Non-Residential Construction May Have Bottomed

Raleigh, NC, Aug. 28, 2009---Construction management and consulting firm FMI reported last week that its third-quarter Nonresidential Construction Index is essentially unchanged from second quarter's 45, leading FMI to conclude that although the bottom of the recession is at hand, recession-like conditions aren't likely to end soon for beleaguered nonresidential contractors.

"Most see the short-term outlook as slightly less bad than last quarter, and we will take that as a good sign, even if a small one," FMI said, according to a report by the CoStar Group, a commercial real estate information company.

"A more important and telling sign is seen in this quarter’s results for the one- to three-year outlooks for major construction markets. Panelists have reigned in their longer-term optimism, which seems to signal they are expecting a protracted recovery."

The construction labor market recovery "is not yet smooth and obvious," agreed Associated Builders and Contractors (ABC) Chief Economist Anirban Basu.

"Many nonresidential construction activities tend to lag behind broader economic cycles, including commercial and office construction.

Basu said the impacts of the $787 billion stimulus package passed in February should become significantly clearer during the next six to 12 months, helping stabilize nonresidential construction employment.

The nonresidential sector's 13% increase in the value of new construction starts received much of its lift in July from the institutional structures such as healthcare facilities, which soared 172%, reflecting the July groundbreaking of seven massive hospital and medical center projects, according to McGraw-Hill.

Commercial building construction, as a component of the larger nonresidential market, turned in a mixed performance in July, however.
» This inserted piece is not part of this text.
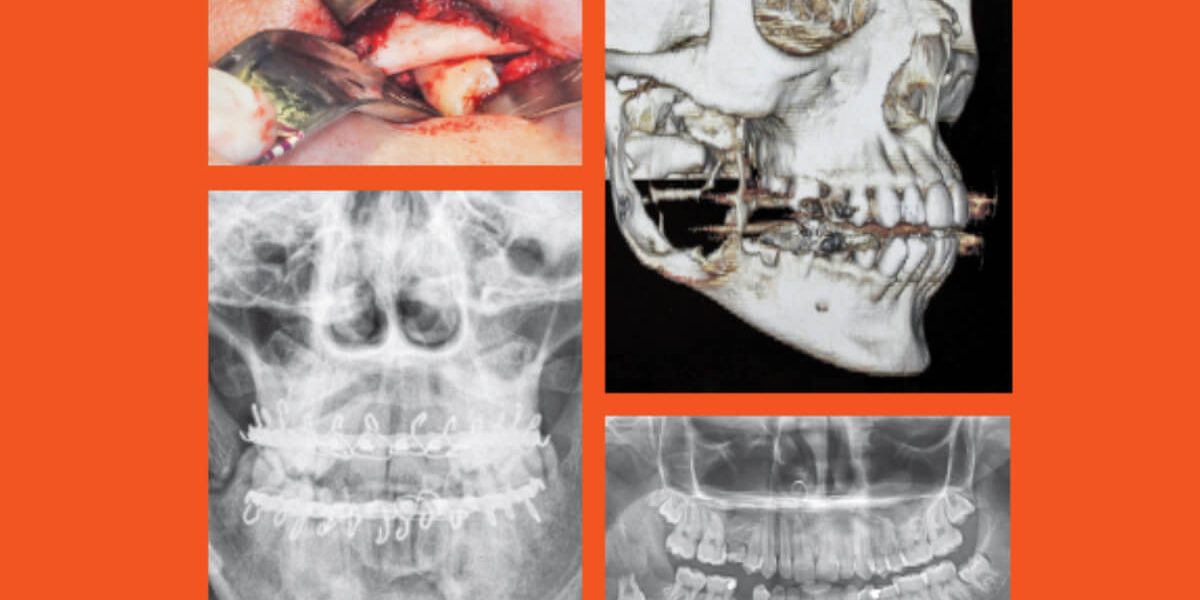 destaque-jbcoms-v06n2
Retail, warehouse and hotel construction rose modestly from a weak performance in June, while construction of offices and manufacturing plants continued to drop in July from the previous month.
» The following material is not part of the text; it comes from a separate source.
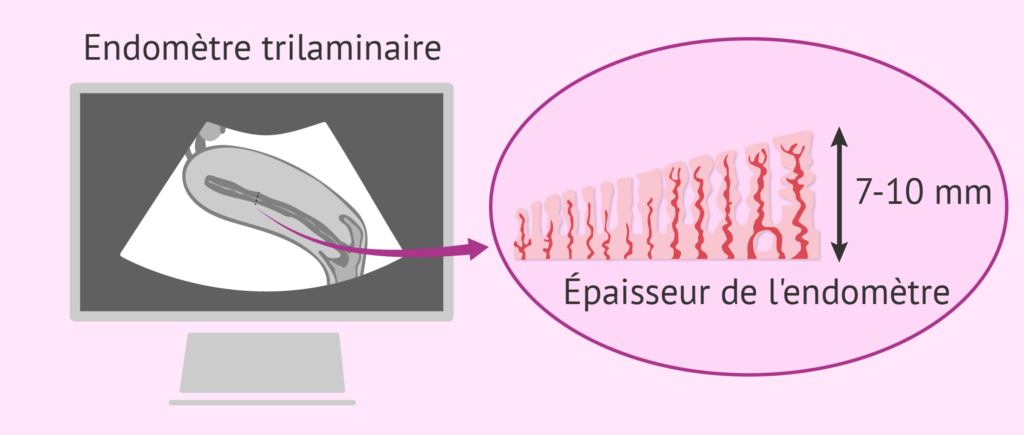 ndomètre, utérus, vagin, femme, labosalem, laboratoires salem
Reed Construction Data reported that construction spending rose 2.5% in June. However, Reed Economist Jim Haughey described the numbers as a blip and predicts another 4% decline in spending by the end of the year, on top of the 10% decline over the last year, and the 20% drop since March 2006.

There's some good news in that the commercial building free-fall has ended with a 23% decline over the last year.

But spending at institutional building sites such as schools and hospitals is headed downward, and Haughey expects monthly declines in the overall nonresidential sector to continue for the rest of 2009.

That said, the long-term outlook for nonresidential growth in 2011 through 2013 is quite promising because unlike previous cycles, developers did not overbuild in the market, Haughey said during a recent presentation.